Me preocupé porque lo que dijo, con los labios grasosos y los ojos inyectados de sangre, se escuchó como si se tratara de la verdad. Ni siquiera quise mirarlo. Aproveché el silencio que se produjo para usar la servilleta. No se hagan problema, a esta altura nada me asombra, di a entender con el gesto. Con mucha seriedad, me paré y pedí disculpas. Me metí en el baño. Recordé un dicho de mi vieja en el que se confundía enfermedad con violencia. Por esa razón, corrí el cerrojo de la puerta. Abrí la canilla de agua fría y me mojé la cara. Cuando vi mi imagen en el espejo, comprobé que tenía las ojeras marcadas.

–Carajo. Cómo me afectan ahora las cosas, dije.


El primer paso hacia aquella noche lo había dado once meses antes. Entré a La Plata como un fugitivo. Me habían expulsado de Mar del Plata por el desencuentro con una mujer y la indiscreción de un amigo. De aquellos hechos, lo que más me quedó fue que el infierno, el verdadero infierno, son los otros, la palabra de los otros. Si hasta el que manejaba la chata que me alejó del mar me habló, entre mate y mate, de una chica que por la descripción que hizo podría ser mi hija. 

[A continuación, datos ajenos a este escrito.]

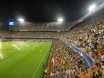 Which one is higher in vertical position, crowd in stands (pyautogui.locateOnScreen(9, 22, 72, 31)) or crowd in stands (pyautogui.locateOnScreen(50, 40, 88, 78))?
crowd in stands (pyautogui.locateOnScreen(9, 22, 72, 31))

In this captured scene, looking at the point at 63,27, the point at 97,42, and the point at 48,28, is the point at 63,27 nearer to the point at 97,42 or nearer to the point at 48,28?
the point at 48,28

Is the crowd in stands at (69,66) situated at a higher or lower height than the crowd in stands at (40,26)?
lower

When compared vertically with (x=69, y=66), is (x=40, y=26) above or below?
above

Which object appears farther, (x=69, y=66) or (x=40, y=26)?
(x=40, y=26)

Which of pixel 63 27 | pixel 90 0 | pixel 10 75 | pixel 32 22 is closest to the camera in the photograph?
pixel 10 75

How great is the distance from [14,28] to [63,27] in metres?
32.4

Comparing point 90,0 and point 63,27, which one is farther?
point 63,27

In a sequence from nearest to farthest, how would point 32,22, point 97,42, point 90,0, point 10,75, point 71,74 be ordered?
Answer: point 71,74
point 97,42
point 10,75
point 90,0
point 32,22

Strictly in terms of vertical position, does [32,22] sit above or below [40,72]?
above

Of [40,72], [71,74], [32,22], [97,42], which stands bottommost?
[40,72]

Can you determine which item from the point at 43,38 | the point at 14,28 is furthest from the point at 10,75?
the point at 14,28

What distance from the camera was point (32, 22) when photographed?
75875mm

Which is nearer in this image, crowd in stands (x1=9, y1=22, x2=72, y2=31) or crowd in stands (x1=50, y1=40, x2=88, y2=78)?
crowd in stands (x1=50, y1=40, x2=88, y2=78)

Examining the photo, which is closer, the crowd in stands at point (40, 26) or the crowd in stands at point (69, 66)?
the crowd in stands at point (69, 66) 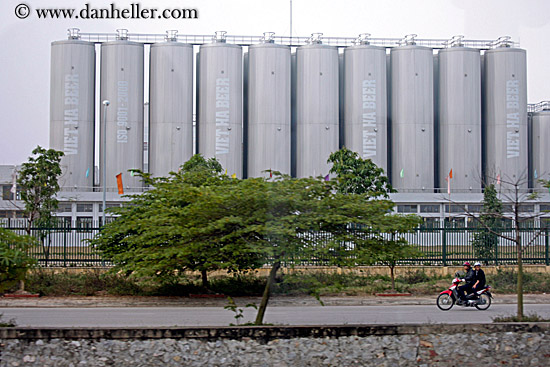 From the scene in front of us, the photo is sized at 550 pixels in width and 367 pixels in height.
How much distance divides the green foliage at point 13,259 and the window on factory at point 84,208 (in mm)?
41924

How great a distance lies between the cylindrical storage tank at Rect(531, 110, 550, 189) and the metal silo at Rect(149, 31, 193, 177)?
112ft

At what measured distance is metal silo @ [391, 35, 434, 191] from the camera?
5572cm

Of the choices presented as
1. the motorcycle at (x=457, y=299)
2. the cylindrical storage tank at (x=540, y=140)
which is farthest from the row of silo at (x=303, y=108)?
the motorcycle at (x=457, y=299)

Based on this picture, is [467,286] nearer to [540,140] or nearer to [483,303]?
[483,303]

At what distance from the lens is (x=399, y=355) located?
1016 centimetres

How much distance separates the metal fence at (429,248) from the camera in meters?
25.6

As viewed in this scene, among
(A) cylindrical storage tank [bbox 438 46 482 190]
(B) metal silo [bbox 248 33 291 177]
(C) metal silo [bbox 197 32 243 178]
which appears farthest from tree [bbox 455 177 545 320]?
(C) metal silo [bbox 197 32 243 178]

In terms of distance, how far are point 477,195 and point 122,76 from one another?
33.3m

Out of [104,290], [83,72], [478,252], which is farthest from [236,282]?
[83,72]

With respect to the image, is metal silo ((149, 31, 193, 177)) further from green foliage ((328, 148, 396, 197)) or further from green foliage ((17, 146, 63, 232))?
green foliage ((328, 148, 396, 197))

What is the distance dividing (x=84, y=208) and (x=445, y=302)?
39891 millimetres

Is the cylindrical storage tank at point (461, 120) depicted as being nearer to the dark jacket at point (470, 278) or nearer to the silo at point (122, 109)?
the silo at point (122, 109)

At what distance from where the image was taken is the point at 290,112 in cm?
5631

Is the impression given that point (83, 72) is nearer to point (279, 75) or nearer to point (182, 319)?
point (279, 75) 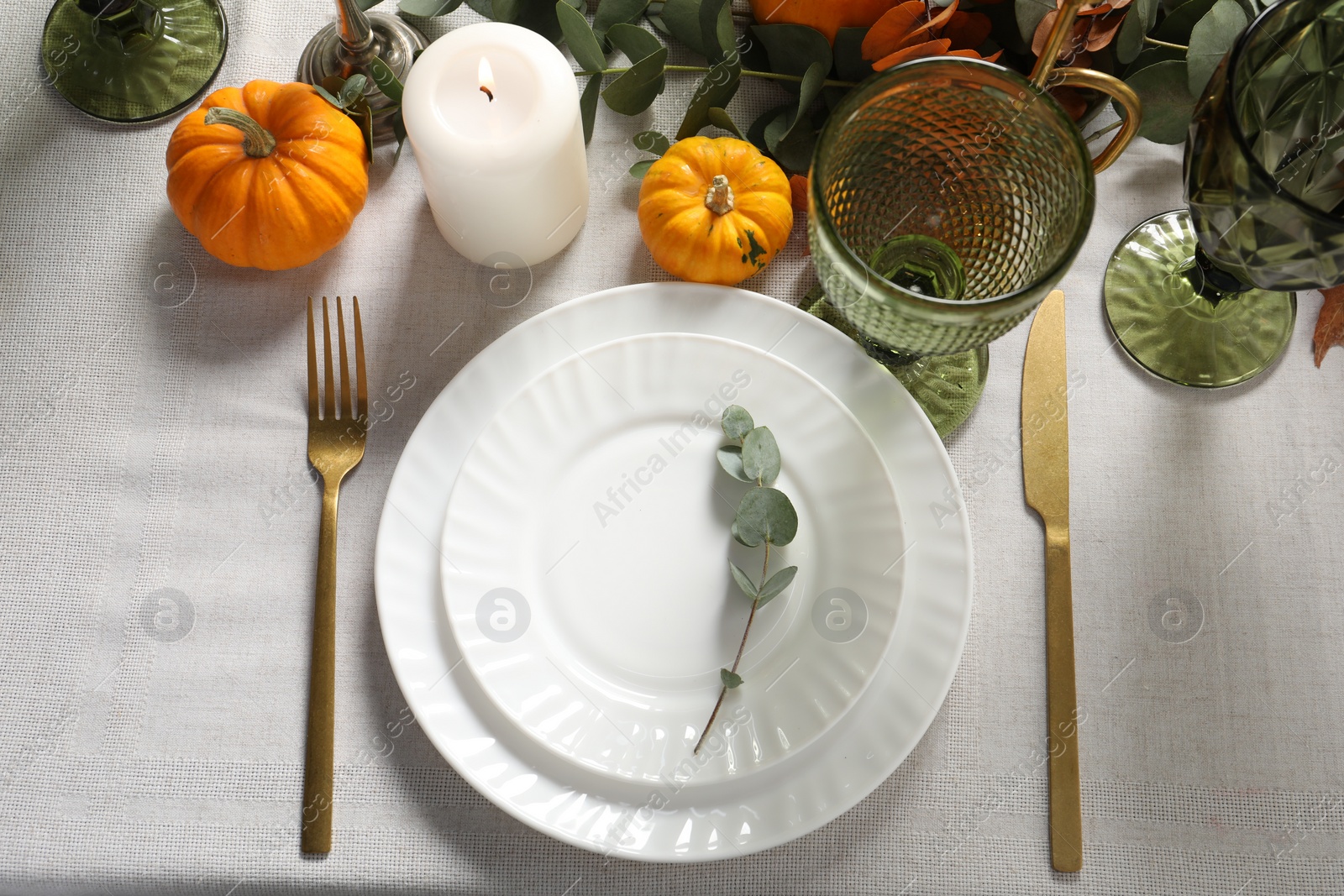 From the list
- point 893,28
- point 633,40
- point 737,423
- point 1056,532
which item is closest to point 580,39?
point 633,40

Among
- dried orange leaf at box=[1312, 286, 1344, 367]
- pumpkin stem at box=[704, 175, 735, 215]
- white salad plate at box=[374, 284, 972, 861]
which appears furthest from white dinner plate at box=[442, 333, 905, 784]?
dried orange leaf at box=[1312, 286, 1344, 367]

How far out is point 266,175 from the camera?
70 centimetres

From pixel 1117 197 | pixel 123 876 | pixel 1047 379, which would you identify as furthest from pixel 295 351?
pixel 1117 197

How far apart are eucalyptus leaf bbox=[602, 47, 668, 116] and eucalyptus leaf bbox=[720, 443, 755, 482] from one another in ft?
1.10

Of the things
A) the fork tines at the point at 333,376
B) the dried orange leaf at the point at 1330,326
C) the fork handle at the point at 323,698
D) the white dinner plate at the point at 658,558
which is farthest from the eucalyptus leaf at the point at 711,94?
the dried orange leaf at the point at 1330,326

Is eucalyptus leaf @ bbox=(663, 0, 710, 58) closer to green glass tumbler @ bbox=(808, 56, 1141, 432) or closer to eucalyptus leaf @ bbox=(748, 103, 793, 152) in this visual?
eucalyptus leaf @ bbox=(748, 103, 793, 152)

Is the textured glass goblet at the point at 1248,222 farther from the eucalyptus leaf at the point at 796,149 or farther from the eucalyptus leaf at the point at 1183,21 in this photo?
the eucalyptus leaf at the point at 796,149

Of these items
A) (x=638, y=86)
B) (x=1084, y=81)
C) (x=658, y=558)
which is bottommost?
(x=658, y=558)

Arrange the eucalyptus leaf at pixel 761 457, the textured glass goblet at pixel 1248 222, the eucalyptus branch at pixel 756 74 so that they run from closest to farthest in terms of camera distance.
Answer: the textured glass goblet at pixel 1248 222, the eucalyptus leaf at pixel 761 457, the eucalyptus branch at pixel 756 74

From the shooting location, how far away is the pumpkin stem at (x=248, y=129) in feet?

En esta ciudad, me quedé una semana en la casa de Gloria, una gorda muy dulce que me llama sobrino; después, alquilé una pieza en el hotel Toledo, que está frente al Parque Alberti. Para algunos huéspedes, los íntimos, la pensión es casi completa; porque supe ganármelo, yo de entrada me beneficié con esa dieta. Y, justamente, una noche, compartiendo una sobremesa con Ayala, el administrador del lugar, conseguí trabajo. 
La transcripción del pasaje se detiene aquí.